About this exercise :: For the entries that follow, state how many lines include the word "Picture", giving the number and nothing else.

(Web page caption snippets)
Segment Open

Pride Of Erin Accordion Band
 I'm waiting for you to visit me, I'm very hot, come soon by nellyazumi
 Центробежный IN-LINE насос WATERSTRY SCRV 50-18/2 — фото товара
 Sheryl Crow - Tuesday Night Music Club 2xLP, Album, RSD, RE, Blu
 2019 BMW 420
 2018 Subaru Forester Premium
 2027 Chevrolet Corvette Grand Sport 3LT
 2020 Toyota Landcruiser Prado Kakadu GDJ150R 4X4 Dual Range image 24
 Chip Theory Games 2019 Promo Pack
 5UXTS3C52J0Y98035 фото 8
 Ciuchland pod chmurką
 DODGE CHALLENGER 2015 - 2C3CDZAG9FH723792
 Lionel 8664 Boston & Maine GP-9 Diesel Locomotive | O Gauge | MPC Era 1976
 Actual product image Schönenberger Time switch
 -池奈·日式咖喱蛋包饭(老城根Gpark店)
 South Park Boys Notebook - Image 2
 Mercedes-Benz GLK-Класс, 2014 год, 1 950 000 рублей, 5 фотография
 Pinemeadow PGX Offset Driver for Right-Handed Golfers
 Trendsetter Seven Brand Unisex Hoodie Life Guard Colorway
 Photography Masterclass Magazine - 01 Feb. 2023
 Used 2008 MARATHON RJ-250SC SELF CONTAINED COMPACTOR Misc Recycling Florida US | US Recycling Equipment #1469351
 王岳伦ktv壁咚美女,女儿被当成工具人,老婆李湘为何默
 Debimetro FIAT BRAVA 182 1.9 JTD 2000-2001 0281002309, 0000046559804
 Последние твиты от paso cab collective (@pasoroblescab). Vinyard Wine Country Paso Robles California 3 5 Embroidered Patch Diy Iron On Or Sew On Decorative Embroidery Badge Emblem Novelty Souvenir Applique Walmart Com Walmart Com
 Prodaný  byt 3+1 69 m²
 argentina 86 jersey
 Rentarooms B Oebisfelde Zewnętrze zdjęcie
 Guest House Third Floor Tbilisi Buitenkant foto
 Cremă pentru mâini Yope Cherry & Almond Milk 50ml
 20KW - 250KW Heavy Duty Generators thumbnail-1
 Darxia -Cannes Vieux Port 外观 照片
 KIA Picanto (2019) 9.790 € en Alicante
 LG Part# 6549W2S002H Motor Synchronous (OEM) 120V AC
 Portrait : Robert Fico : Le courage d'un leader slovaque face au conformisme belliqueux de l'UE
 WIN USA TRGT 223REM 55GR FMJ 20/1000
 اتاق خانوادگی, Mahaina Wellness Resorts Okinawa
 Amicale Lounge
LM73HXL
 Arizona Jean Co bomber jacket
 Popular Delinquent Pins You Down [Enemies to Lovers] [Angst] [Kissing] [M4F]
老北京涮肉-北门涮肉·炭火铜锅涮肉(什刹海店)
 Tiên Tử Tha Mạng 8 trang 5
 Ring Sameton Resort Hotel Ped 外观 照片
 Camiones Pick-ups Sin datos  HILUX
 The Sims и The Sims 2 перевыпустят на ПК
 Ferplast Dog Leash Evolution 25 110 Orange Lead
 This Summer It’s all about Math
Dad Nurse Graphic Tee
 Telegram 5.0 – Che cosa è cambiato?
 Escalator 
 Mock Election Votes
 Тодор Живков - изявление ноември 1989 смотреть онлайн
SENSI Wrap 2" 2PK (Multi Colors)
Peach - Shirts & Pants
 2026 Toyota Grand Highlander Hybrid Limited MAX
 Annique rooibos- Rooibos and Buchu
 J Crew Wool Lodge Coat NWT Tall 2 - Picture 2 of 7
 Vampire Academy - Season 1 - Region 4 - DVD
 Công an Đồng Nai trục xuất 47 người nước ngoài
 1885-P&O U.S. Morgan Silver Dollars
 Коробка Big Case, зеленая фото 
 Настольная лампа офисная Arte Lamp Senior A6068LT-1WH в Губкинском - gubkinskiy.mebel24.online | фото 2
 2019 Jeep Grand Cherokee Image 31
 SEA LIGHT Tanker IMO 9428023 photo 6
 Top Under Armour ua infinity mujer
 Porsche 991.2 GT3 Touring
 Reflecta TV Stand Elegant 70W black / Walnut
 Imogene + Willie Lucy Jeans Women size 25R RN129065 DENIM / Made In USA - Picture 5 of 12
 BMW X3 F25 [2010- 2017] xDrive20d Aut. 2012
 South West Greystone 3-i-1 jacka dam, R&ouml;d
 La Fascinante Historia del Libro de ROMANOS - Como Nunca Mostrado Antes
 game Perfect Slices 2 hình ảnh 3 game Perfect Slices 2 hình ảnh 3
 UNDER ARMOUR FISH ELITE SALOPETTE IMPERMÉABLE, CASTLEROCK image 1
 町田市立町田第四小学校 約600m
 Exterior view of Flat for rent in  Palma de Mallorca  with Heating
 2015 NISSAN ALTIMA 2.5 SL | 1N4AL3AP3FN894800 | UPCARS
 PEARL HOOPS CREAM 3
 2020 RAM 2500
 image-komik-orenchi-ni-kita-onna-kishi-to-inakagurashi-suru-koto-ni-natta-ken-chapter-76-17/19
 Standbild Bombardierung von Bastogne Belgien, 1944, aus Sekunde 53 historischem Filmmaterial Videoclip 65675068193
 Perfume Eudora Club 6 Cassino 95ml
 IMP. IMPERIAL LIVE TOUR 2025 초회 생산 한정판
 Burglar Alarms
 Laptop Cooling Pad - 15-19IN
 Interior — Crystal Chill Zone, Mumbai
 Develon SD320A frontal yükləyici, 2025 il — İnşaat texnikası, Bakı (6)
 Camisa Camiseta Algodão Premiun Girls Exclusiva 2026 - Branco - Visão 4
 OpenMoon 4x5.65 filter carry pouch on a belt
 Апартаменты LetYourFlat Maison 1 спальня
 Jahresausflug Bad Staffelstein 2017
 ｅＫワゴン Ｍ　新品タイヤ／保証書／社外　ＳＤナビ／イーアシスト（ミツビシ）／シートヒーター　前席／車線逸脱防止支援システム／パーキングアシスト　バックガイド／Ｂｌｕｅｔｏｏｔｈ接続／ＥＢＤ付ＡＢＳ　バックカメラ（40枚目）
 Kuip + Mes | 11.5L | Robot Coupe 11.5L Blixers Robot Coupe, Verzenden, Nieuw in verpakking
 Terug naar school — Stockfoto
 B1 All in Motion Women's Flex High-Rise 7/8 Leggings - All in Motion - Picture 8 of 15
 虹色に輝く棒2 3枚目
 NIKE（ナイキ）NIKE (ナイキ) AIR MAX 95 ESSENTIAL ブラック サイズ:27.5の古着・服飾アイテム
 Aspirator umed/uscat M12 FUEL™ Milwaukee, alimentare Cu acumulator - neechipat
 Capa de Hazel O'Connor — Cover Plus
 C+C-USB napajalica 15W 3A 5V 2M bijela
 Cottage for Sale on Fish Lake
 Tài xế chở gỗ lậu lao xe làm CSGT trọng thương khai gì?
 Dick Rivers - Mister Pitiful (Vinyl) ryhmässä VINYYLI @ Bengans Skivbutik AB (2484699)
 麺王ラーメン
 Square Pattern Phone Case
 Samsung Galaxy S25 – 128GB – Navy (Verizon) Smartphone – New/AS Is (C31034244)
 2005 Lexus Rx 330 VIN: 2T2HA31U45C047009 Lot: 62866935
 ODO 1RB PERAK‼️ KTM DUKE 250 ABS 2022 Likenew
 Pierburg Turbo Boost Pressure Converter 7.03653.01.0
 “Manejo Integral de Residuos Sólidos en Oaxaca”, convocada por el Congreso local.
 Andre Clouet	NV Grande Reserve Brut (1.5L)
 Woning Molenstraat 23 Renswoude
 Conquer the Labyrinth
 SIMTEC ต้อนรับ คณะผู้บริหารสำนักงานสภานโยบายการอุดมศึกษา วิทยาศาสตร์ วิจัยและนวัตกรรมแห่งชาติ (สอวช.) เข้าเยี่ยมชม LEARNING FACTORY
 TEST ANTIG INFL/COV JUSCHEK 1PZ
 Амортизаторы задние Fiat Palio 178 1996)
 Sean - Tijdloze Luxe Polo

Segment Closed

Written answer :: 3